Un molde que tiene que funcionar mil veces, no una

En el patronaje individual, si algo no ajusta del todo, lo corriges en la siguiente prueba. En el patronaje industrial no existe esa segunda oportunidad tan fácil: el molde que apruebas es el que se corta cientos o miles de veces, en distintas tallas, en distintas telas, muchas veces por manos que nunca conociste.

Por eso un patronista industrial no solo necesita saber patronar bien. Necesita saber patronar de forma que el error sea prácticamente imposible, y que el resultado sea idéntico, talla tras talla, lote tras lote.

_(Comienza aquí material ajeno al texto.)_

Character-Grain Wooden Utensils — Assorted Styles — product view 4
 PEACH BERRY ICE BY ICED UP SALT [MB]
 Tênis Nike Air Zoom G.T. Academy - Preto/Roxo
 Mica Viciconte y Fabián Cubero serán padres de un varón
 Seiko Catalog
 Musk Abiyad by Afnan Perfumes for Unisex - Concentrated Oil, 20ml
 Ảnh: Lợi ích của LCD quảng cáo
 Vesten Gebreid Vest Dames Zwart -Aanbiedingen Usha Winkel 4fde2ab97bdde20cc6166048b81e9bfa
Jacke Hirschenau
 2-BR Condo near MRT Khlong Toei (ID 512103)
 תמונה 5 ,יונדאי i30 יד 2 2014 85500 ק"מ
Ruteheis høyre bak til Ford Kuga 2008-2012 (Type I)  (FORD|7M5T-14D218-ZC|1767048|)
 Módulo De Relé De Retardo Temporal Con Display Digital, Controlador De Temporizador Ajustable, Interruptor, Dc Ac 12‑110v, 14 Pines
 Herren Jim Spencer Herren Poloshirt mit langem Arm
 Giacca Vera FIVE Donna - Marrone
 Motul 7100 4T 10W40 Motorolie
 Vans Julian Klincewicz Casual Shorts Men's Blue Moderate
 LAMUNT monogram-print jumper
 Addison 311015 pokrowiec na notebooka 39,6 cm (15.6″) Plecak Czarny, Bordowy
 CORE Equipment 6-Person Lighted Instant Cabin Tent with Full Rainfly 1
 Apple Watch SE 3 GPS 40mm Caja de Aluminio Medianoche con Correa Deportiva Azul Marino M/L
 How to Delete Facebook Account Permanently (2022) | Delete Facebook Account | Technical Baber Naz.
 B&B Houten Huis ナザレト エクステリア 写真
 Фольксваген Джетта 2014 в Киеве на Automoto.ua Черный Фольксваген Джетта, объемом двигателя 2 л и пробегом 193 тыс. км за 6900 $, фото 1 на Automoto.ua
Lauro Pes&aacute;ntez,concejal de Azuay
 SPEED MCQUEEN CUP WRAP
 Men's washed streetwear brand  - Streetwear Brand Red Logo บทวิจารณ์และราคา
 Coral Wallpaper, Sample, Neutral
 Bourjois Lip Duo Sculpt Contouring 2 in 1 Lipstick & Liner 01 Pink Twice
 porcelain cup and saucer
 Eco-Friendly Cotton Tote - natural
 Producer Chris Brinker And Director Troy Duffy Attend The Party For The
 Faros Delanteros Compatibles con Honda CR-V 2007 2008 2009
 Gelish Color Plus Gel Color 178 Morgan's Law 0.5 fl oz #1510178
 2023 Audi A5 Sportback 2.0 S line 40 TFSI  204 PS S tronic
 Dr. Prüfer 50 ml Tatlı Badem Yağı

Lo que exige la producción en serie

Tres cosas que solo importan a nivel industrial

Estandarización

Las medidas ya no se ajustan a una sola persona, se ajustan a una tabla de tallas que tiene que servirle razonablemente bien a miles de cuerpos distintos.

Consistencia entre lotes

Una prenda cortada hoy y otra cortada en tres meses tienen que salir exactamente igual. El patrón tiene que estar documentado con una precisión que no deja espacio a interpretación.

Eficiencia de material

A esta escala, cada centímetro de tela desperdiciado se multiplica por miles de unidades. El tizado y el aprovechamiento de tela dejan de ser un detalle, y se vuelven parte central del trabajo.

Para empresas y talleres

Isabel también trabaja directamente con equipos de producción

Si tu empresa, taller o institución necesita fortalecer justo estos procesos, ya sea capacitando al equipo, auditando cómo están trabajando ahora, o con acompañamiento continuo, hay un espacio pensado exactamente para eso.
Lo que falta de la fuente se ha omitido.